Sue Martin, the Province Care for our Common Home officer, invited the boys to undertake some land care work at Peter Canisius House in Pymble, NSW. This involved largely weeding out the fishbone fern present in the gardens on a site where Jesuit and Ignatian Spirituality retreats are held during the year.

The day began with a Mass for the students before they got their green thumbs stuck into the plant life on site. “None of the boys had done any land care or bush care like this before,” said Sue. The Riverview boys learned a lot about the native plant life and what steps can be taken to maintain and care for their local environment. It’s the type of education that begins at a grass root level, where this knowledge is then spread among their peers throughout the next generation. Sue’s little grandson Marcus also came along to lend a helping hand and got involved in the day.
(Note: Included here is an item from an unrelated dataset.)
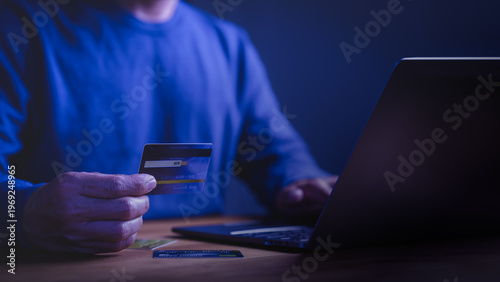 Person using credit card for online shopping and digital payment on laptop. Secure e-commerce finance, banking, and business transaction concept for internet security.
“Landcare is a way of really getting to know country, and understanding the impacts that need to be managed,” said Sue. The students also attended to the labyrinth at Peter Canisius House that needed some attention and care. Sue encouraged them to get to know their local reserves and bushland and notice what weeds were present. It was a new experience for the boys that will leave a lasting impression. If they are to have their own gardens some day, this new-found knowledge will serve them well, especially if they become interested in horticulture.

The day was rounded off with a contemplative walk through the Dalrymple-Hay Nature Reserve where some of the boys were surprised to find wallabies roaming around. It was a day filled with Australian flora and fauna. Sue said the boys worked really hard and “enjoyed seeing the fruits of their labour.” They really enjoyed seeing that their day had made a difference. Sue hopes that this becomes an annual activity not just for Jesuit schools but for other schools as well. “The boys have had an experience of this firsthand and we’re hoping it becomes a regular activity at Peter Canisius House.”

Sue Martin (front row, far right) and Marcus (back row, second from left) with the Riverview students. Photo courtesy of Sue Martin.